## Exercise goal
From the material below, retype exactly the lines that begin at the line with "Magnesium Glycinate Capsules 60 Hard Capsules" and end after the line with "Permen Collins Butternut"; pictures stay out of the copy.

## Data extracts
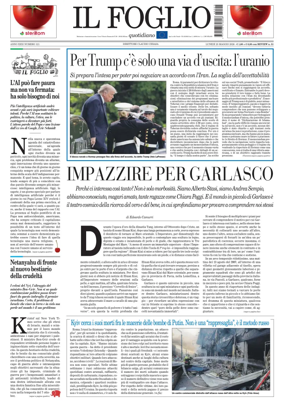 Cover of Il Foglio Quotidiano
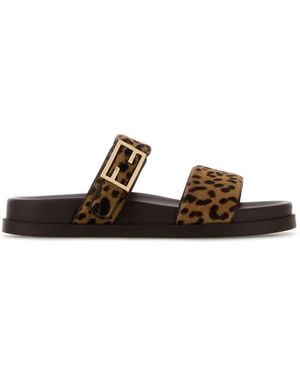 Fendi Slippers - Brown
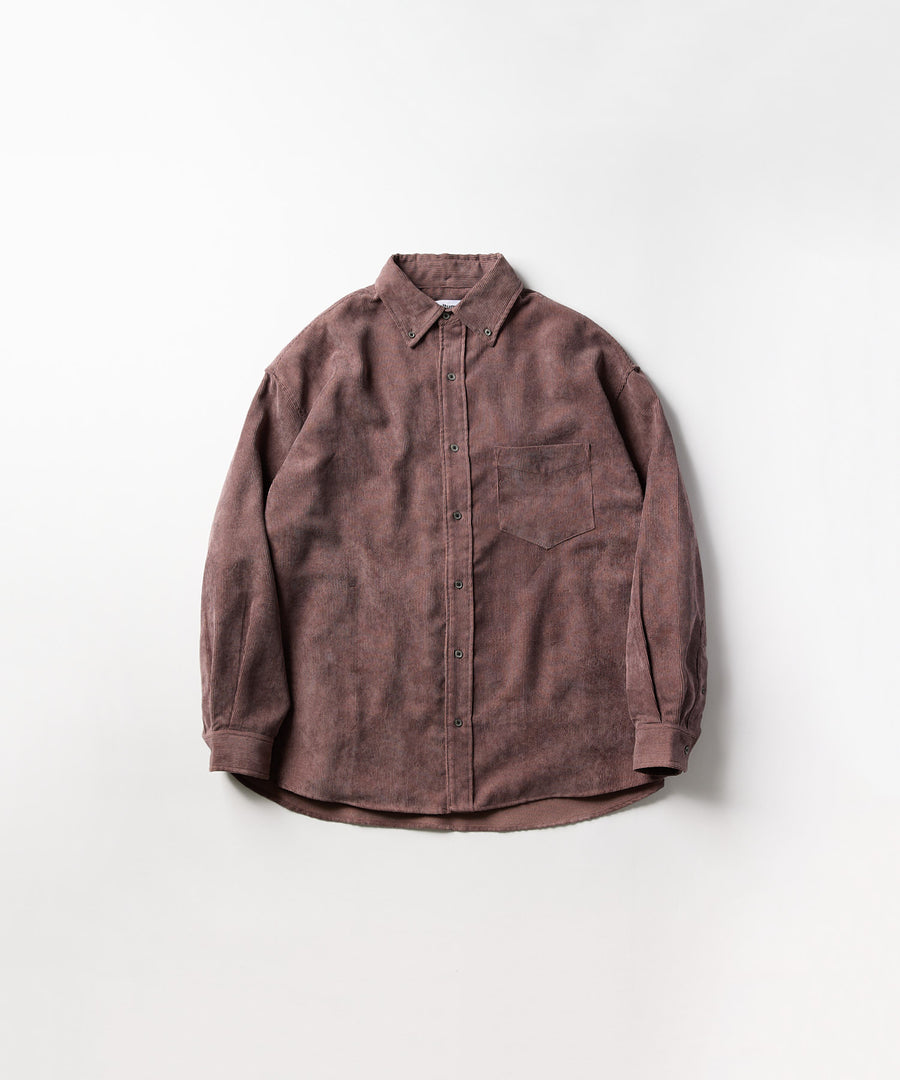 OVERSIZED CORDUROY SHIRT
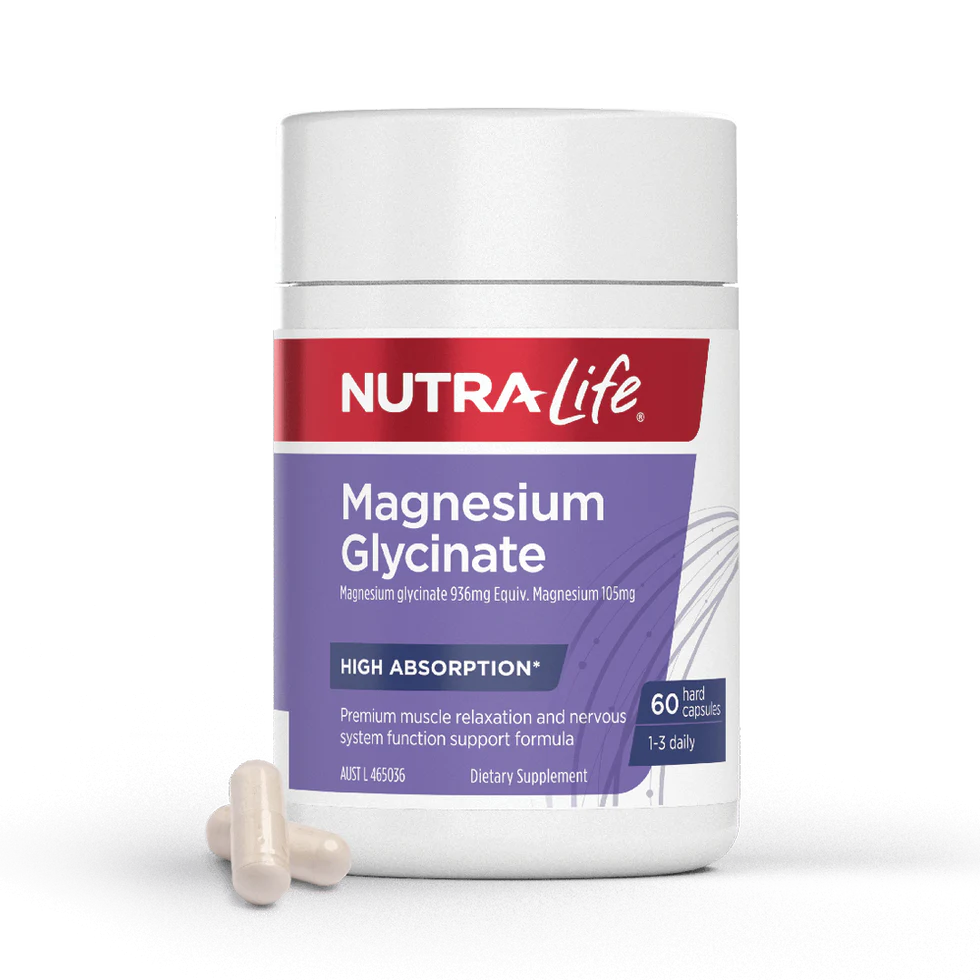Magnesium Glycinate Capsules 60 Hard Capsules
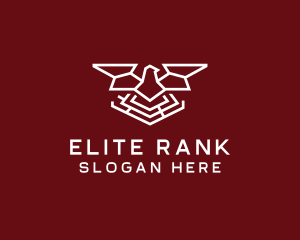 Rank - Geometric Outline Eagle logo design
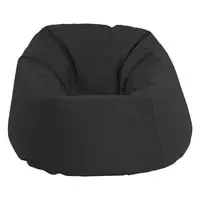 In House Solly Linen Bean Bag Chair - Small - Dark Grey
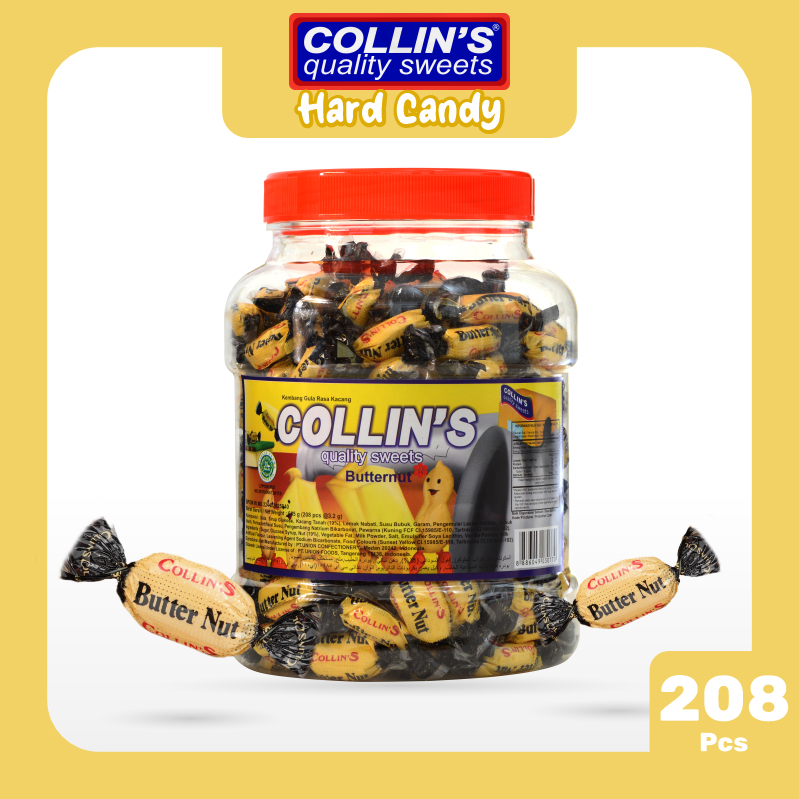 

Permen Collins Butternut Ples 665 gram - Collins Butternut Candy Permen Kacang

* * *

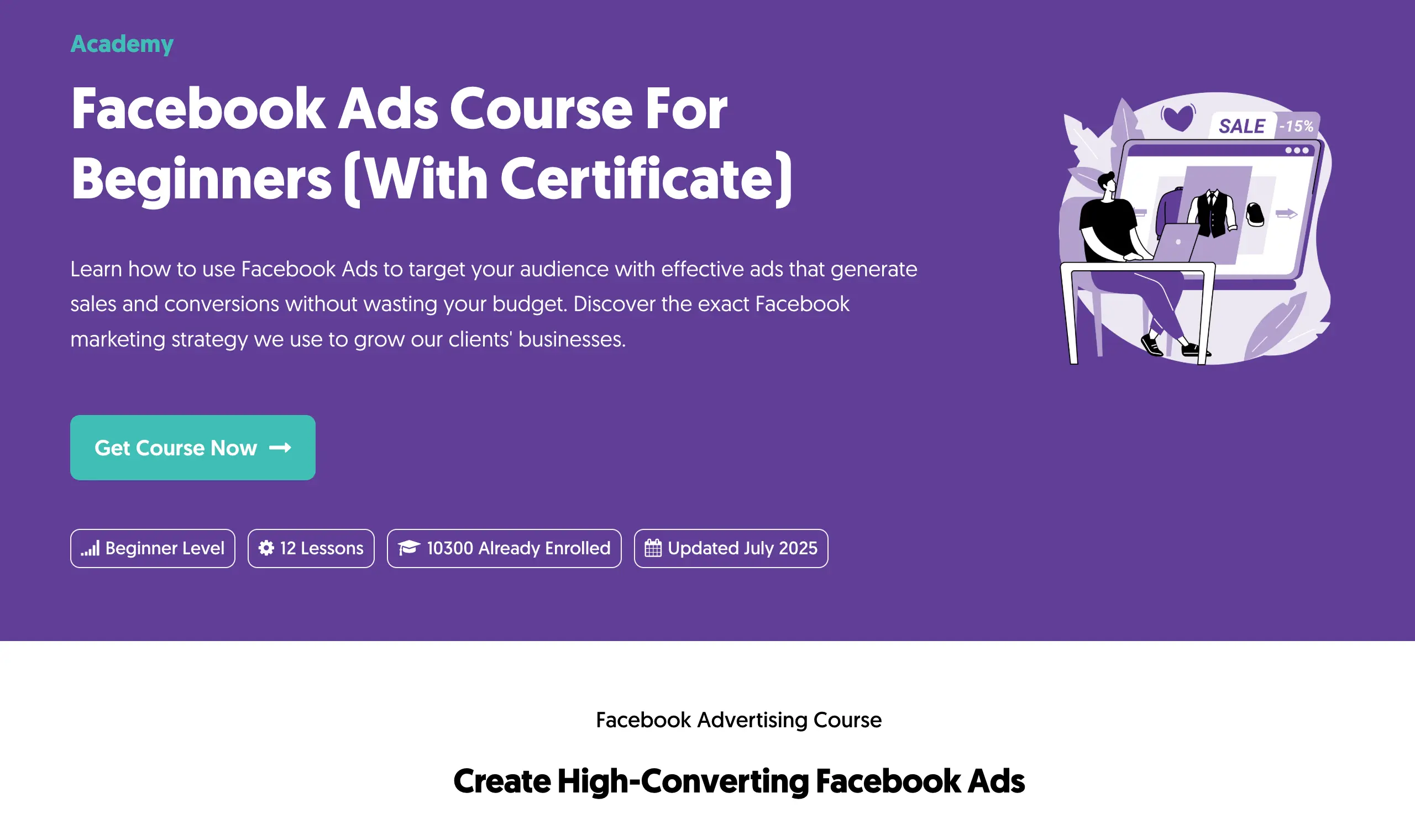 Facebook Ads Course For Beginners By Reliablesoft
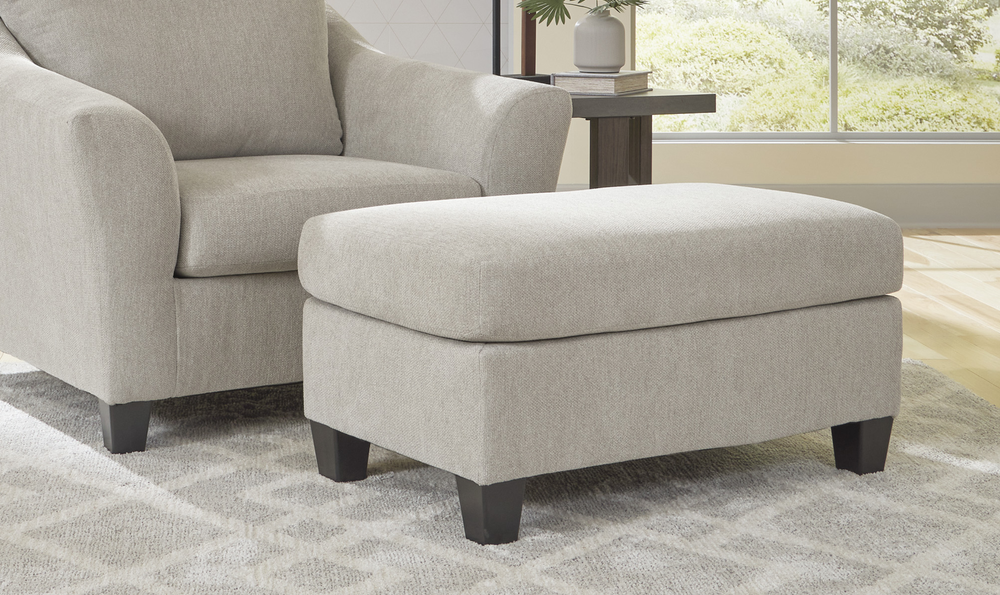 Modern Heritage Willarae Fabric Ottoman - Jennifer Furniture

==

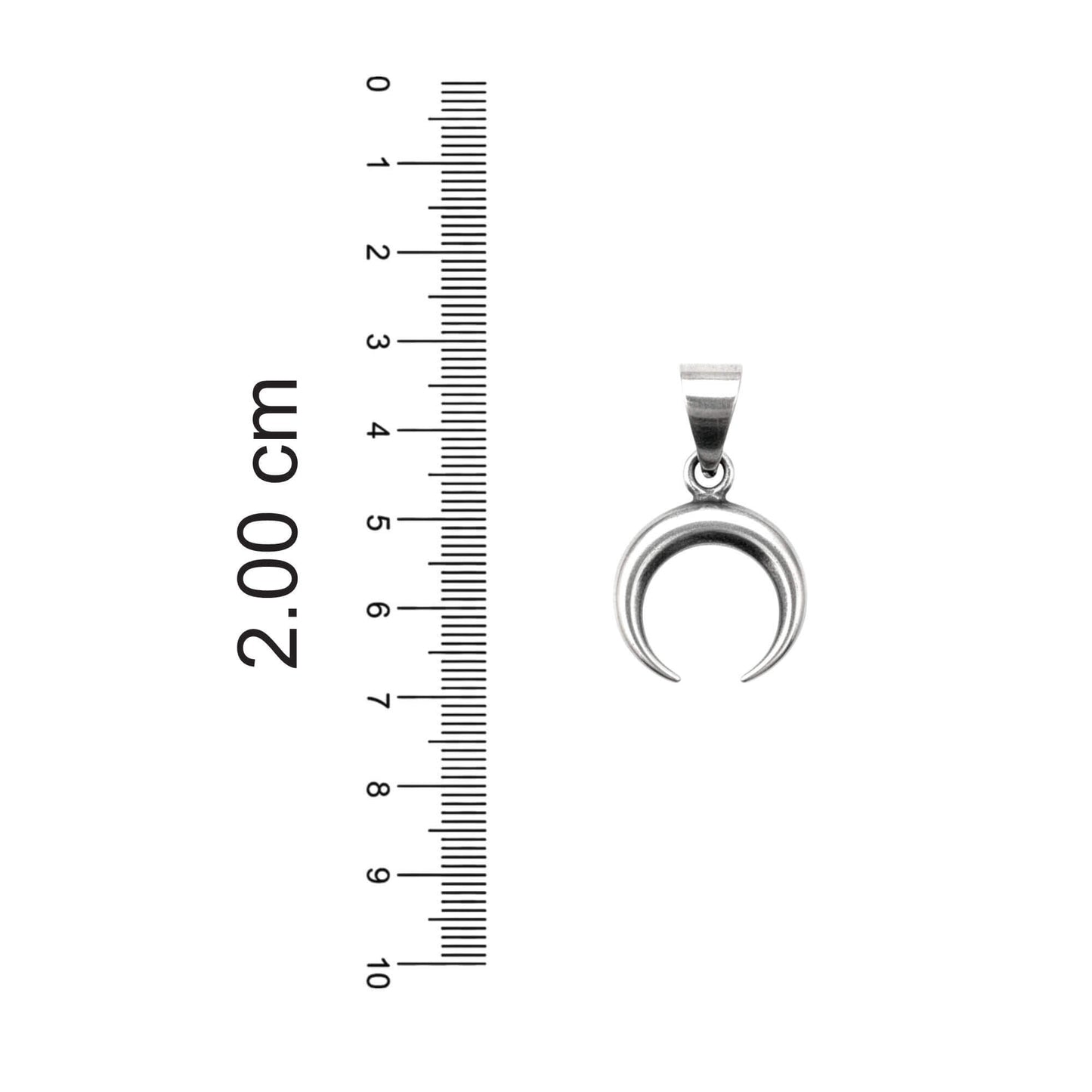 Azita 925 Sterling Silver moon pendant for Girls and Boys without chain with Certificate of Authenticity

## Solved problem
Magnesium Glycinate Capsules 60 Hard Capsules
 Rank - Geometric Outline Eagle logo design
 In House Solly Linen Bean Bag Chair - Small - Dark Grey

Permen Collins Butternut Ples 665 gram - Collins Butternut Candy Permen Kacang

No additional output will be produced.